Таковыми были тогда порядки в «Королевской великобританской провинции Ганновер», как часто и не без гордости называли свою страну мои соотечественники. Но и в остальных немецких землях положение было не намного лучше, несмотря на Французскую революцию и славную освободительную войну. Современной относительно счастливой молодежи не мешает иногда сопоставлять свои проблемы и заботы с часто безнадежными заботами своих отцов для того, чтобы понять, насколько несостоятелен их пессимизм в отношении новых идей.

Наибольшую свободу мой отец нашел в княжестве Ратцебург, относившемся к Мекленбург-Стрелицу, где он взял в долгосрочную аренду принадлежавшую Великому герцогу землю Менцендорф. В этой крохотной благословенной земле кроме государственных территорий и крестьянских деревень было всего одно дворянское имение. Когда мы только переселились сюда, местные крестьяне еще обязаны были отрабатывать барщину на государственных землях, но уже спустя несколько лет она была отменена, а с крестьянских хозяйств были сняты почти все повинности и налоги.

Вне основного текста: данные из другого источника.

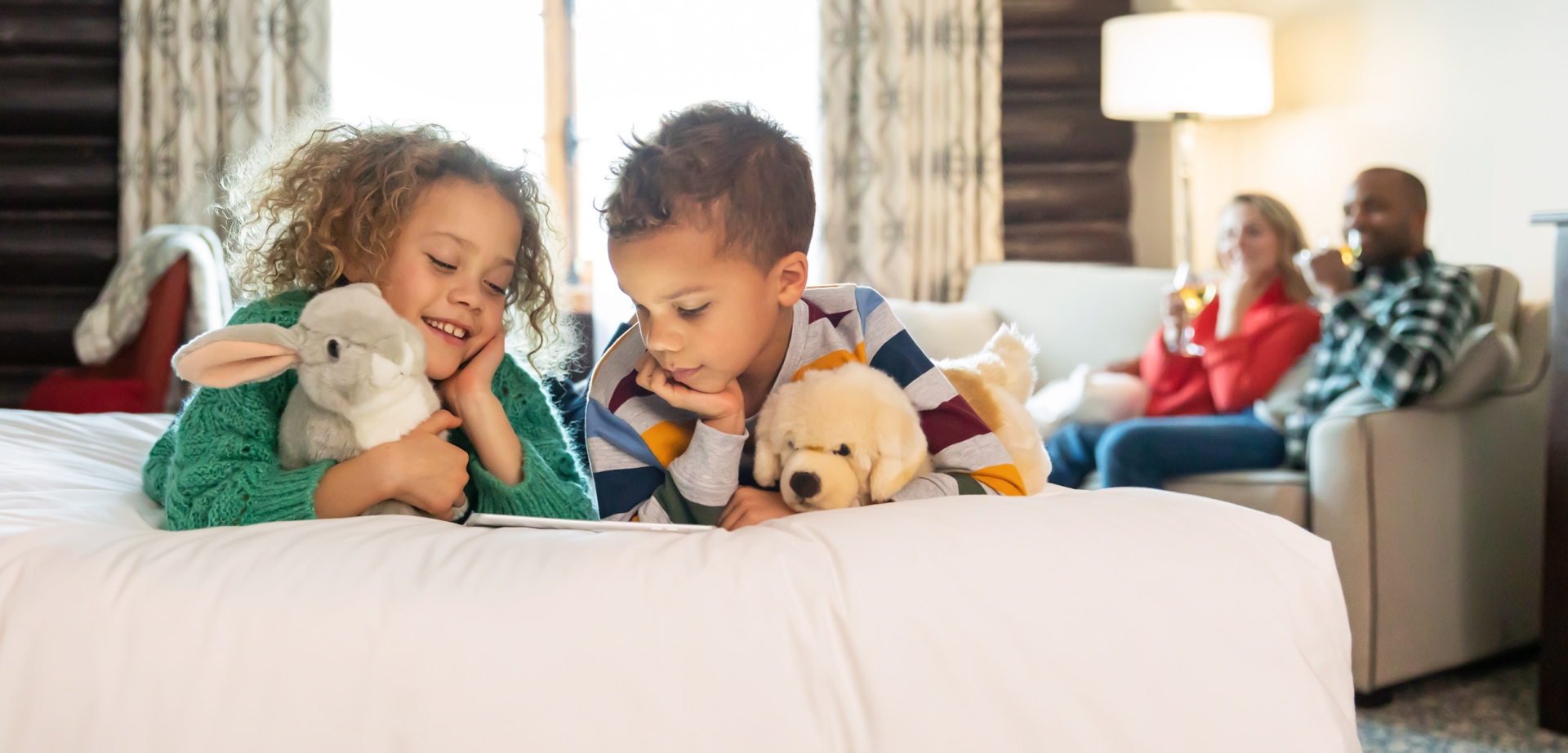 siblings playing while the parents are watching
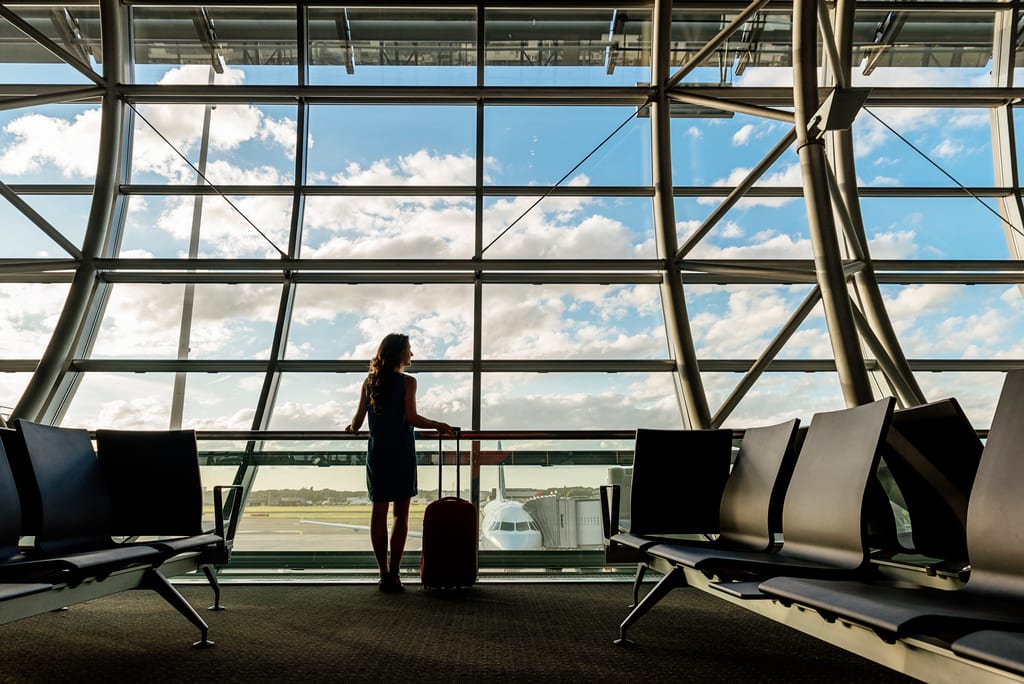 A traveler with a rolling suitcase beside tall airport windows overlooking a parked aircraft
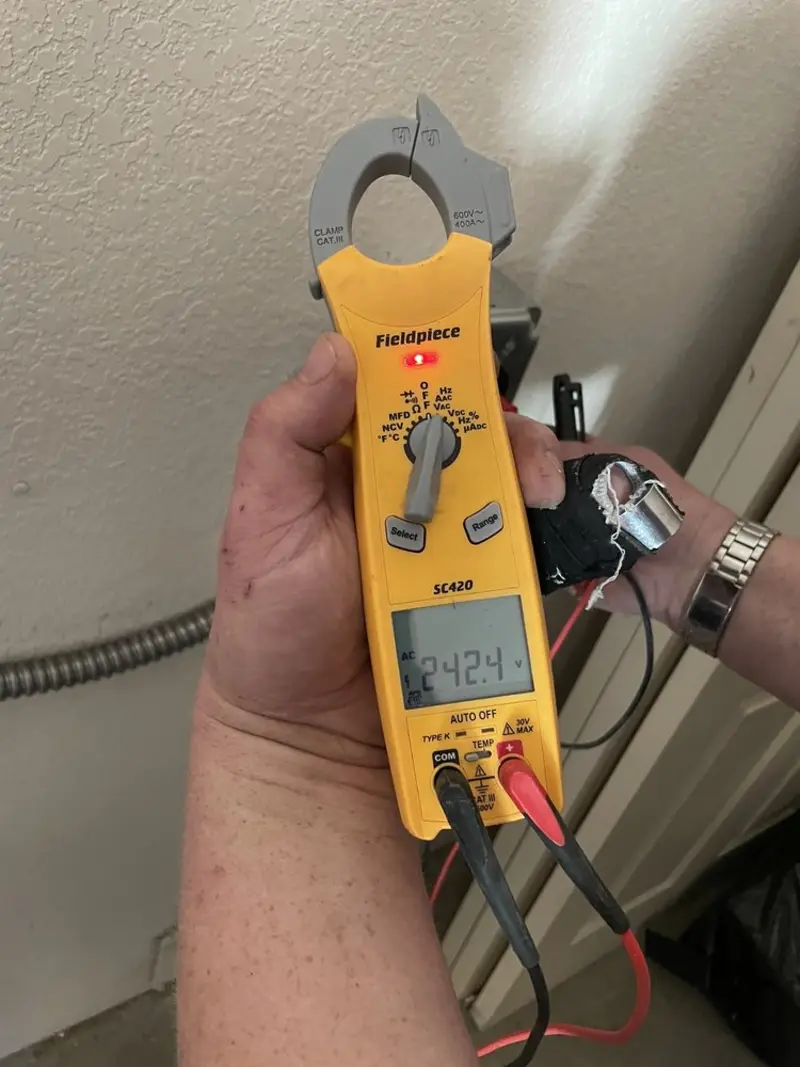 Voltage testing with clamp meter during Ceiling Fan Installation in Lake Helen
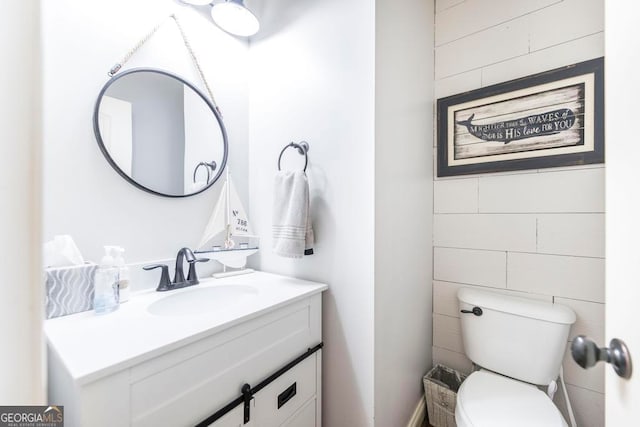 bathroom featuring toilet and vanity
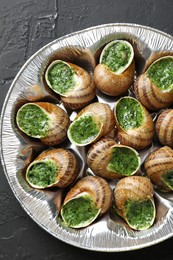 Photo of Delicious cooked snails on dark textured table, top view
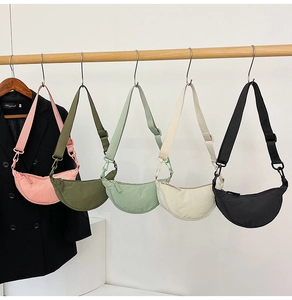 Detailed row of nylon crescent crossbody bags in pink green cream and black with straps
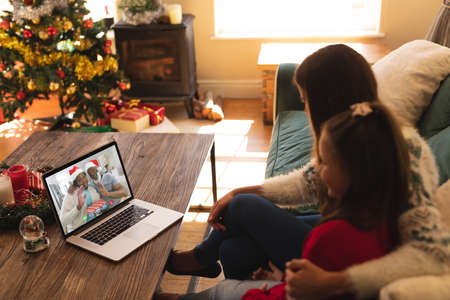 Caucasian mother and daughter in santa hats on christmas laptop video call with smiling friends. christmas, festivity and communication technology.の写真素材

В Менцендорфе мы с моими братьями и сестрами провели в кругу других деревенских детей самые счастливые дни нашего детства. В первые годы старшие дети: моя сестра Матильда, я и младшие братья Ганс и Фердинанд – наслаждались почти неограниченной свободой. Нашим образованием занималась переселившаяся к нам после смерти мужа бабушка. Она обучала нас чтению, письму и тренировала память, заставляя учить наизусть всевозможные стихотворения. Наши родители были слишком заняты заботами о хозяйстве и уходом за младшими детьми, которых год от года становилось все больше, и не могли уделять много внимания нашему воспитанию. Отец был человеком добрым, но вспыльчивым, нещадно наказывавшим нас за любые проступки, обман или простое непослушание. Страх перед отцом вместе с любовью к матери, которую нам не хотелось огорчать, были единственными ограничителями, хоть как-то сдерживавшими нашу небольшую развеселую компанию. Главной нашей обязанностью была забота о младших детях. И обязанность эта понималась так широко, что старших детей часто наказывали за то, что вытворили младшие. В основном бремя присмотра лежало на мне как на старшем из братьев, и это привило мне чувство ответственности за моих младших братьев и сестер. Соответственно я присвоил себе и карательные функции, что весьма не нравилось прочим детям. Они часто объединялись в настоящие коалиции и вели со мной упорную борьбу, которая, впрочем, всегда заканчивалась без вмешательства родителей. Особенно мне запомнился один случай, весьма характерный для нашей детской жизни.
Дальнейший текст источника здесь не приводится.